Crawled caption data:
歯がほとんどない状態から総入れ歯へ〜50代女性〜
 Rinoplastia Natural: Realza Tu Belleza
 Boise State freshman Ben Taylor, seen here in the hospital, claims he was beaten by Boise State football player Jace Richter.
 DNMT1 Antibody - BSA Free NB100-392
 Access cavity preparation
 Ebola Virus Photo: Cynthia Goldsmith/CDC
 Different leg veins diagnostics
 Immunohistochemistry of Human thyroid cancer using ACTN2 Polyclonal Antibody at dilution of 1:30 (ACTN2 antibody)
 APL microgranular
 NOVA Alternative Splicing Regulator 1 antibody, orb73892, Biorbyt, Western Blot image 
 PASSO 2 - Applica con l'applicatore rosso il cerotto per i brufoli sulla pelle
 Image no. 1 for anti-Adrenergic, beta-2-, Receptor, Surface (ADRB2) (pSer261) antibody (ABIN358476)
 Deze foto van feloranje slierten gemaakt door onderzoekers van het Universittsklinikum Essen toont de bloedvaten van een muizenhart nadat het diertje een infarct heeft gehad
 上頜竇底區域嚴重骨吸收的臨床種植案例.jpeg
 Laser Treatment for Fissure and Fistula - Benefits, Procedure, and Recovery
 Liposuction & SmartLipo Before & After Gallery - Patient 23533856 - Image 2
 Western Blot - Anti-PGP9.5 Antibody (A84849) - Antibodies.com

- Aim of the exercise:
Print the records above exactly. Omit nothing.

- Result:
歯がほとんどない状態から総入れ歯へ〜50代女性〜
 Rinoplastia Natural: Realza Tu Belleza
 Boise State freshman Ben Taylor, seen here in the hospital, claims he was beaten by Boise State football player Jace Richter.
 DNMT1 Antibody - BSA Free NB100-392
 Access cavity preparation
 Ebola Virus Photo: Cynthia Goldsmith/CDC
 Different leg veins diagnostics
 Immunohistochemistry of Human thyroid cancer using ACTN2 Polyclonal Antibody at dilution of 1:30 (ACTN2 antibody)
 APL microgranular
 NOVA Alternative Splicing Regulator 1 antibody, orb73892, Biorbyt, Western Blot image 
 PASSO 2 - Applica con l'applicatore rosso il cerotto per i brufoli sulla pelle
 Image no. 1 for anti-Adrenergic, beta-2-, Receptor, Surface (ADRB2) (pSer261) antibody (ABIN358476)
 Deze foto van feloranje slierten gemaakt door onderzoekers van het Universittsklinikum Essen toont de bloedvaten van een muizenhart nadat het diertje een infarct heeft gehad
 上頜竇底區域嚴重骨吸收的臨床種植案例.jpeg
 Laser Treatment for Fissure and Fistula - Benefits, Procedure, and Recovery
 Liposuction & SmartLipo Before & After Gallery - Patient 23533856 - Image 2
 Western Blot - Anti-PGP9.5 Antibody (A84849) - Antibodies.com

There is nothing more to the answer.